110 milliards d'euros dans les territoires

Au-delà des enjeux stratégiques et géopolitiques de cette loi, le Premier ministre a mis en avant, devant les deux assemblées, les retombées territoriales des programmes financés. 110 milliards d’euros d’investissements vont être "injectés dans les territoires entre 2019 et 2023", grâce à la LPM a-t-il indiqué.

Sur les exercices 2021 et 2022, correspondant aux années du plan de relance, 40 milliards d’euros vont être investis dans les entreprises et les territoires, a assuré le Premier ministre, notamment à travers le plan de soutien à la filière aéronautique. À cela s’ajoutent 21 milliards d’euros de commandes à l’export entre 2018 et 2021, qui vont "contribuer au dynamisme de nos régions", s’est félicité le chef du gouvernement évoquant les "succès" du Rafale assemblé dans l’usine Dassault de Mérignac, avec les ventes récentes à la Grèce, l’Égypte et la Croatie qui ont respectivement passé commande pour 18, 30 et 12 avions de chasse. Or le Rafale mobilise pas moins de sept sites industriels en France et pas seulement Dassault : Thalès pour l’électronique ou Safran qui fournit le moteur. Thalès a par ailleurs décroché d’importants contrats avec l’Otan, notamment pour équiper son futur cloud et sécuriser les échanges d’informations entre tous les centres de commandements... La défense est l’un des rares secteurs dont la balance est excédentaire en France et dont les carnets de commande ne semblent pas avoir faibli pendant la crise...

70.000 emplois créés d'ici à 2025

Tous les investissements programmés vont contribuer à créer 25.000 emplois direct d’ici à 2022 et "jusqu’à 70.000 à l’horizon 2025", s’est félicité le Premier ministre. L’industrie de défense emploie aujourd’hui "plus de 200.000 emplois de haut niveau" répartis dans "toutes les régions". Un emploi situé majoritairement en province, comme l’a précisé le Premier ministre devant les députés : 12.000 emplois industriels directs en Centre-Val de Loire, 27.000 en Paca, 18.000 en Bretagne, 25.000 en Nouvelle-Aquitaine… même si l’Île-de-France concentre à elle seule 65.000 emplois. "L’armée est le premier service recruteur de l’État", a aussi souligné Jean Castex. Une région comme les Hauts-de-France compte 709 PME travaillant avec le ministère des Armées, soit 2.000 emplois.

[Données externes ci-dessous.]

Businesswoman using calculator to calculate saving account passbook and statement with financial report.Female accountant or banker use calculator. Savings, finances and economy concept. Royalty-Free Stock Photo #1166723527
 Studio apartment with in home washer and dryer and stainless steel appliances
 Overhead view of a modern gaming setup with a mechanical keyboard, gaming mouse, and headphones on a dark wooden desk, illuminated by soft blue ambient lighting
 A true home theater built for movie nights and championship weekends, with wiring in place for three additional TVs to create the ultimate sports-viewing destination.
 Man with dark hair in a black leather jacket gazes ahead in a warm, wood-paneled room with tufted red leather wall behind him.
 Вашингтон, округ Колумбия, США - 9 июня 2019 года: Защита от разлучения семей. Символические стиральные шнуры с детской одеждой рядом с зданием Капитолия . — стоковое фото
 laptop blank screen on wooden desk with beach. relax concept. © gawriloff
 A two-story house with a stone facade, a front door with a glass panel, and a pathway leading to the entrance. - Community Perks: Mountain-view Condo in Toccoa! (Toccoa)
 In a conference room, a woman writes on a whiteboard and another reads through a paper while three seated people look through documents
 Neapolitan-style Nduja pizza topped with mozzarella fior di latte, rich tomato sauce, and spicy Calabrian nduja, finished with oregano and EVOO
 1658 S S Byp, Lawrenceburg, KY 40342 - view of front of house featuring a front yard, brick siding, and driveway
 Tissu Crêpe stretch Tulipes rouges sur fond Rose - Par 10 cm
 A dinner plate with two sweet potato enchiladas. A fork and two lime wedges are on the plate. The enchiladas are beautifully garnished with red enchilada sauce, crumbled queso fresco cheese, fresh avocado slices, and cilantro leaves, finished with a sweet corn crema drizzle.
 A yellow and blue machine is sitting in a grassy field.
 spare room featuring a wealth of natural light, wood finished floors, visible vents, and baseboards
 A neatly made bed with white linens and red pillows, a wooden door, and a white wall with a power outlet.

Seulement, pour Christian Cambon, les signaux négatifs s’accumulent. "Il fallait nous parler des sommes nécessaires à la préparation opérationnelle et à l'adaptation à la haute intensité, du bâtiment hydrographique qui ne sera pas livré, du retard du programme Scorpion, de l'avenir du char Leclerc, des 123 véhicules blindés légers qui manqueront en 2025, des 51 véhicules qui manqueront aux forces spéciales, du nombre de poids lourds divisé par deux", a-t-il développé. De plus, la cible des 129 Rafale de l'Armée de l'air d'ici à 2025 ne sera pas atteinte, car les 12 Rafale de la Croatie sont des occasions. Ils seront donc pris sur les stocks français. "Seront-ils remplacés, et, si oui, quand ?", a demandé le sénateur. "Ils seront compensés à notre armée de l'air et de l'espace. Nous passerons cette commande. Où est le problème ?", a répondu la ministre des Armées, Florence Parly.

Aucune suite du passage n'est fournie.